Ian, I'm a physicist, but I'm a gadget builder. So, I love to build machines, and from my background, theoretical physics, applied mathematics is almost a continuum, because I was starting at the experimental end.
Yes.
You seem to make a clear distinction between the two. Is that an intellectual distinction between the way physics and mathematics is done?
It's a cultural distinction. When I went into mathematics... Well, when I started doing computational mathematics I submitted a paper to Mathematics of Computation, one of the leading journals in the field, and they knocked me back. That led me to eventually to learn some mathematics and [ how] to [prove] things.
I agree that it is an absolute continuum, but people generally don't cross over, and it's amazing how distinct they are from a social, cultural point of view. Because as I perhaps mentioned before, when I started in computational mathematics, actually I knew nobody, nobody who could help me on this. [As] theoretical physicists we [had been] doing things similar in some ways or that I learned from my theoretical physics days. But [the new work] wasn't necessarily interesting to [physicists], I wasn't doing it for physics.

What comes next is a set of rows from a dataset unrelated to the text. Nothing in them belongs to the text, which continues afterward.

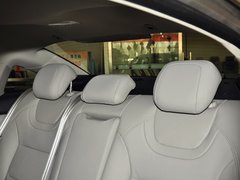 2013款 2.3L 自动 尊贵型
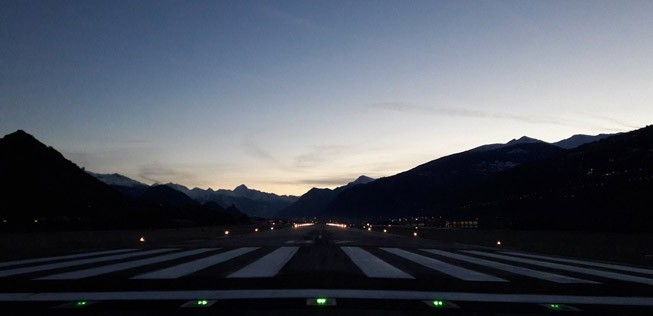 Flughafen Sion: Die Basis von Powdair.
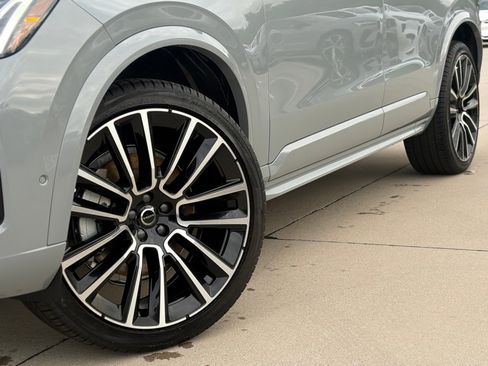 New 2026 Volvo XC90 B6 Ultra w/ Lounge Package image 6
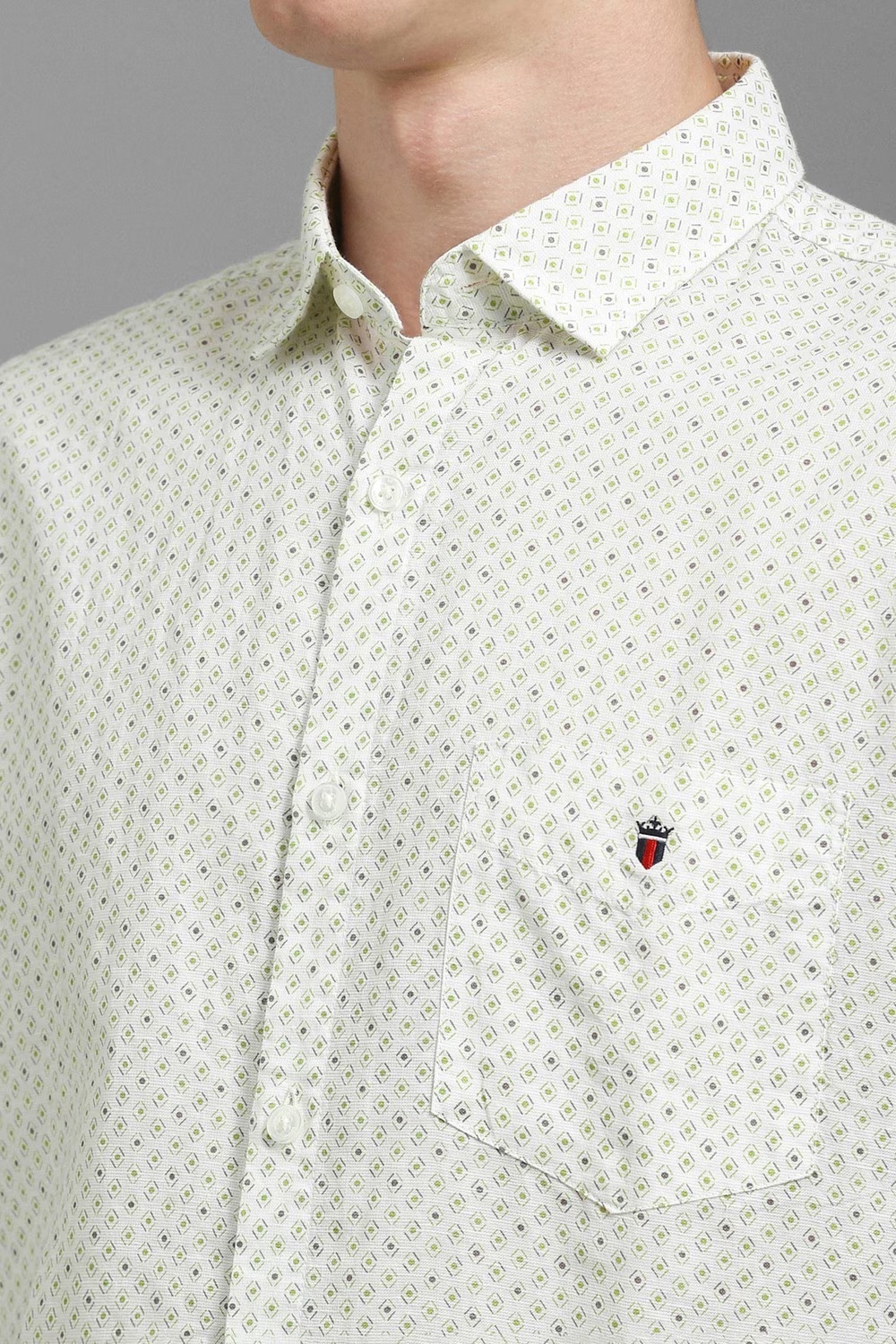 56695-men-white-slim-fit-print-half-sleeves-casual-shirt-white-1.jpg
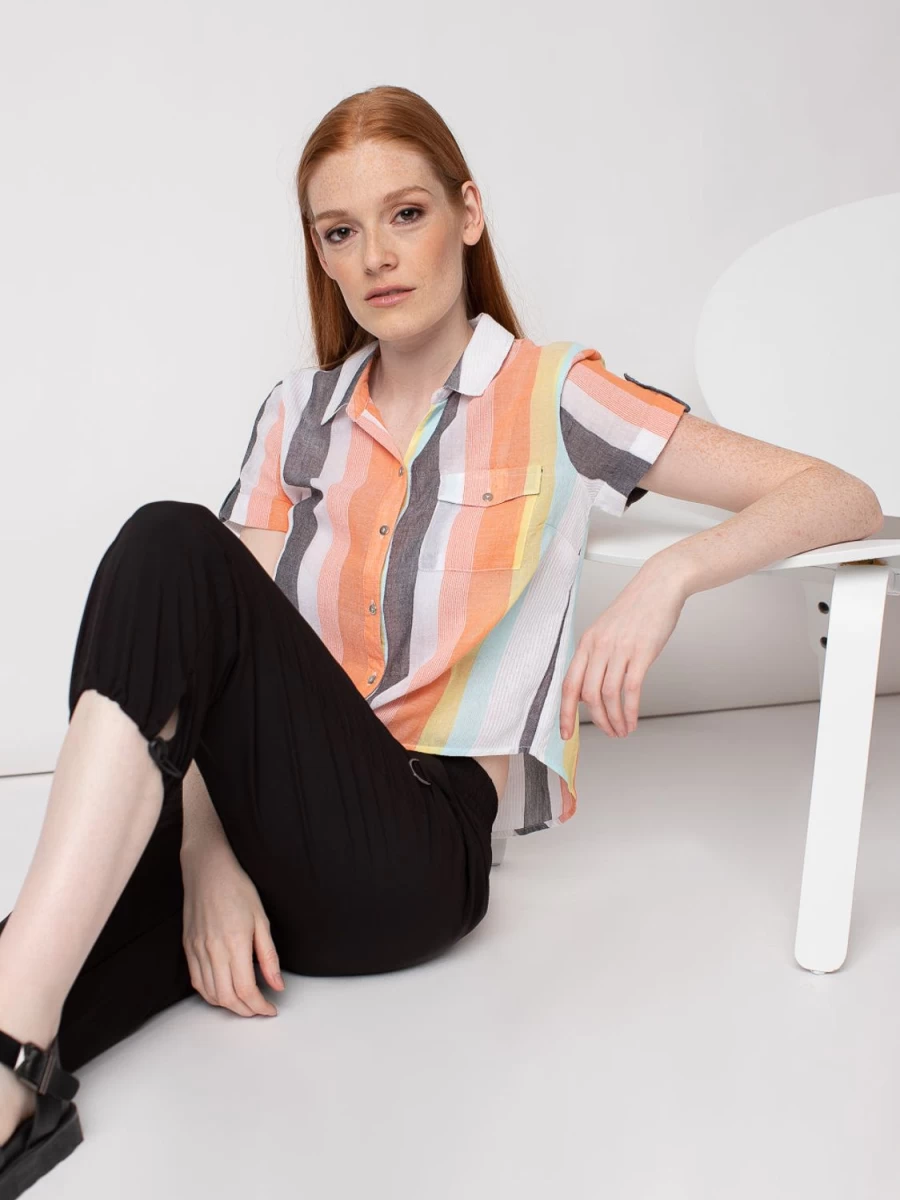 San Francisco Blouses | Short-Sleeve Fitted Blouse With Buttons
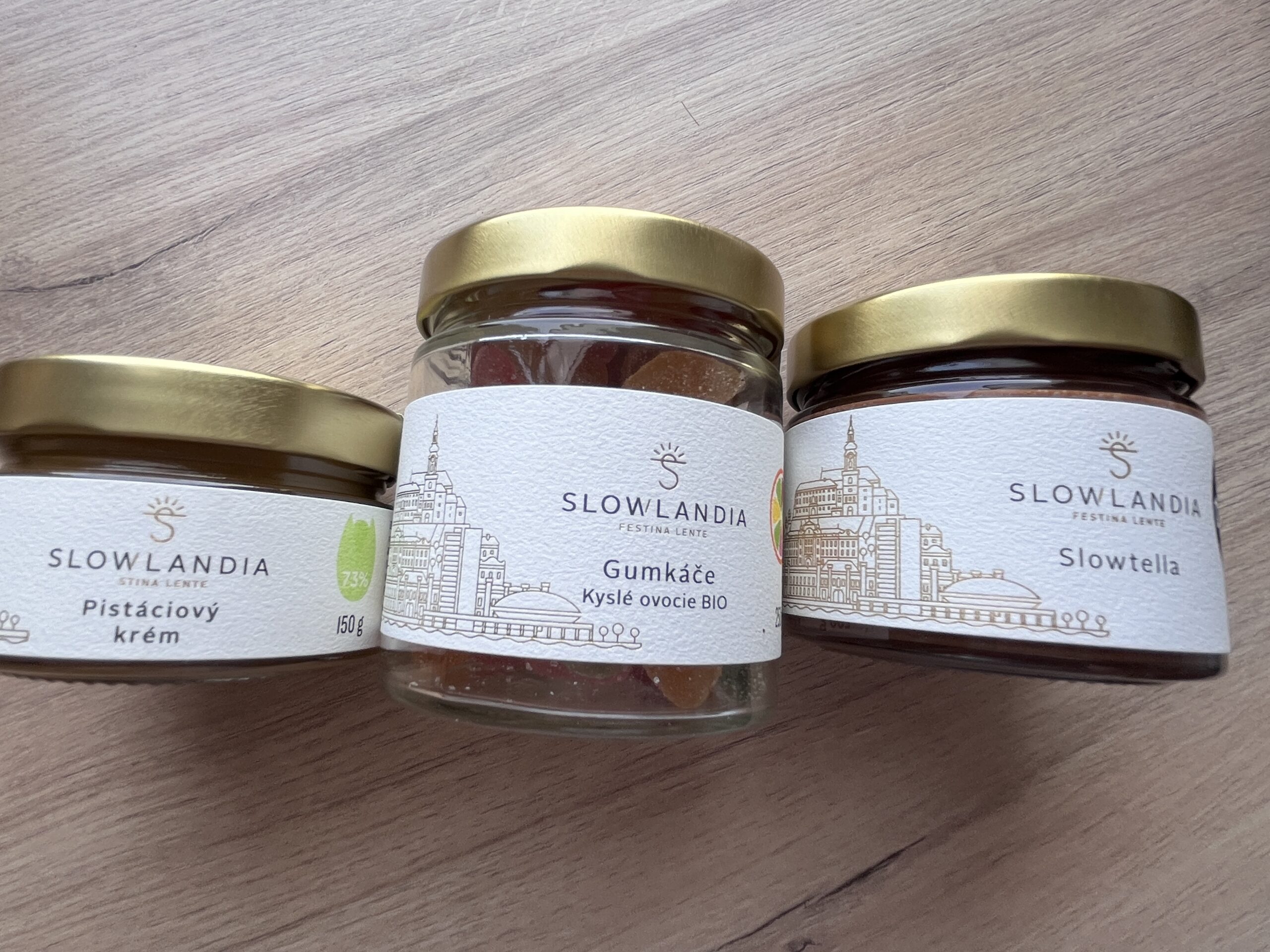 Recenzia 2024: Slowtella, orieškové maslo, Gumkáče – Slowlandia plní sem maškrtníka o sladkom živote na prázdninách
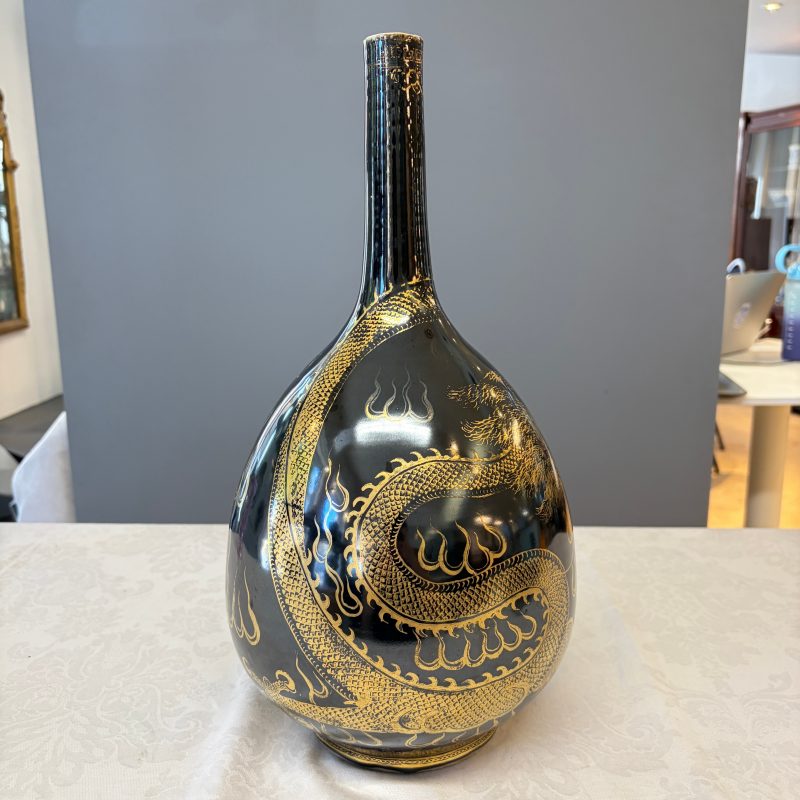A Chinese gilt-decorated black-ground 'Dragon' vase - 图10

In applied math, we would say computational mathematics these days, but numerical analysis, I didn't know anybody in Australia. There were some very fine people in Australia, but I didn't know them. I had never been in a mathematics department in the 10 years or so I worked in theoretical physics. I'd never been in a department with mathematics in the name. I'd never been to a conference with mathematics in the name, because the crossover was almost negligible.
I was going to say Michael Osborne FAA, Fellow of the Academy, was one of the noted people. Robert Anderssen, Bob Anderssen [is] a very fine numerical analyst and also David Elliott at the University of Tasmania. They all became good friends, but I knew none at the time I crossed over, because there's just so little [crossover]. And yet, the ideas are the same. The cultural things go deeper, of course.
I love the way theoretical physicists are happy to write a paper and say at the beginning, what we really wanted to do was this, this and this - but that's too hard, so what we're doing instead is this model problem, which gives us insight. At the pure mathematics extreme, the other way, they won't say that. They'll say that let X be a fiber bundle and Y be a topologically connected doughnut, and so on, without saying why we're doing it. I hope we're getting better in the applied math in the...
So that's the good side of it, of theoretical physics. But I said, sometimes I just wish at the end of this two-page explanation of why things actually work. Insight is everything. That's good. I just wish at the end of it, they give the two-line proof that it actually does work. Because the two-line proof that the mathematicians love often gives you no insight at all. Maybe proof by contradiction. Doesn't tell you anything at all. It just tells you something doesn't work, but it doesn't tell you how it might work. So cultural differences are very great still, I think.
So cultural differences. This is about people, communities, people, where do they mix? Where do they not mix? I read with great interest your recent article about "A Marriage made in Heaven", which you wrote for the Royal Society [of New South Wales], I believe. And you're giving great examples in there, where physics and mathematics and other subjects actually, maybe chemistry and others, actually meet. Is this a good progression that came out of those days?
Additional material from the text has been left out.